Book Review: Zhamak Dehghani's Data Mesh: Delivering Data-Driven Value at Scale (2021)

Zhamak Dehghani's "Data Mesh: Delivering Data-Driven Value at Scale" (2021)

Zhamak Dehghani's "Data Mesh: Delivering Data-Driven Value at Scale" (2021) is a must read book for the data professional. So, here I am, finally managing to read it and give it some thought, even if it will probably take more time and a few more reads for the ideas to grow. Working in the fields of Business Intelligence and Software Engineering for almost a quarter-century, I think I can understand the historical background and the direction of the ideas presented in the book. There are many good ideas but also formulations that make me circumspect about the applicability of some assumptions and requirements considered. 

So, after data marts, warehouses, lakes and lakehouses, the data mesh paradigm seems to be the new shiny thing that will bring organizations beyond the inflection point with tipping potential from where organization's growth will have an exponential effect. At least this seems to be the first impression when reading the first chapters. 

The book follows to some degree the advocative tone of promoting that "our shiny thing is much better than previous thing", or "how bad the previous architectures or paradigms were and how good the new ones are" (see [2]). Architectures and paradigms evolve with the available technologies and our perception of what is important for businesses. Old and new have their place in the order of things, and the old will continue to exist, at least until the new proves its feasibility.  

The definition of the data mash as "a sociotechnical approach to share, access and manage analytical data in complex and large-scale environments - within or across organizations" [1] is too abstract even if it reflects at high level what the concept is about. Compared to other material I read on the topic, the book succeeds in explaining the related concepts as well the goals (called definitions) and benefits (called motivations) associated with the principles behind the data mesh, making the book approachable also by non-professionals. 

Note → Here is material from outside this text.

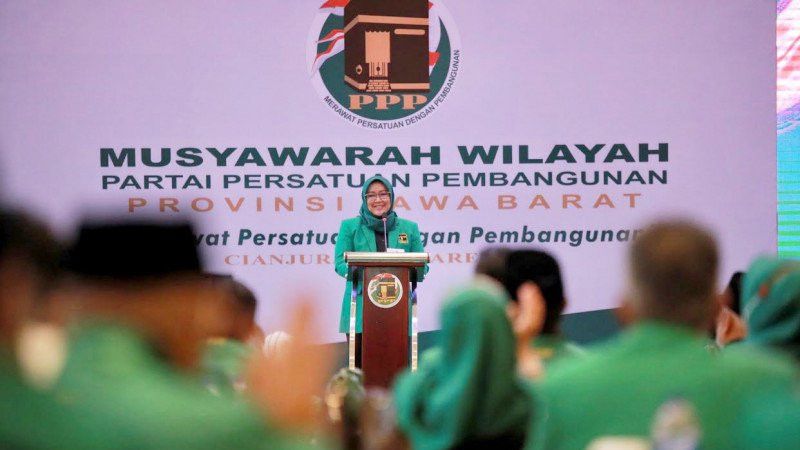 PPP Belum Tahu Penyebab Bupati Bogor Ade Yasin Ditangkap KPK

Built around four principles "data as a product", "domain-oriented ownership", "self-serve data platform" and "federated governance", the data mesh is the paradigm on which data as products are developed; where the products are "the smallest unit of architecture that can be independently deployed and managed", providing by design the information necessary to be discovered, understood, debugged, and audited.

It's possible to create Lego-like data products, data contracts and/or manifests that address product's usability characteristics, though unless the latter are generated automatically, put in the context of ERP and other complex systems, everything becomes quite an endeavor that requires time and adequate testing, increasing the overall timeframe until a data product becomes available. 

The data mesh describes data products in terms of microservices that structure architectures in terms of a collection of services that are independently deployable and loosely coupled. Asking from data products to behave in this way is probably too hard a constraint, given the complexity and interdependency of the data models behind business processes and their needs. Does all the effort make sense? Is this the "agility" the data mesh solutions are looking for?

Many pioneering organizations are still fighting with the concept of data mesh as it proves to be challenging to implement. At a high level everything makes sense, but the way data products are expected to function makes the concept challenging to implement to the full extent. Moreover, as occasionally implied, the data mesh is about scaling data analytics solutions with the size and complexity of organizations. The effort makes sense when the organizations have a certain size and the departments have a certain autonomy, therefore, it might not apply to small to medium businesses.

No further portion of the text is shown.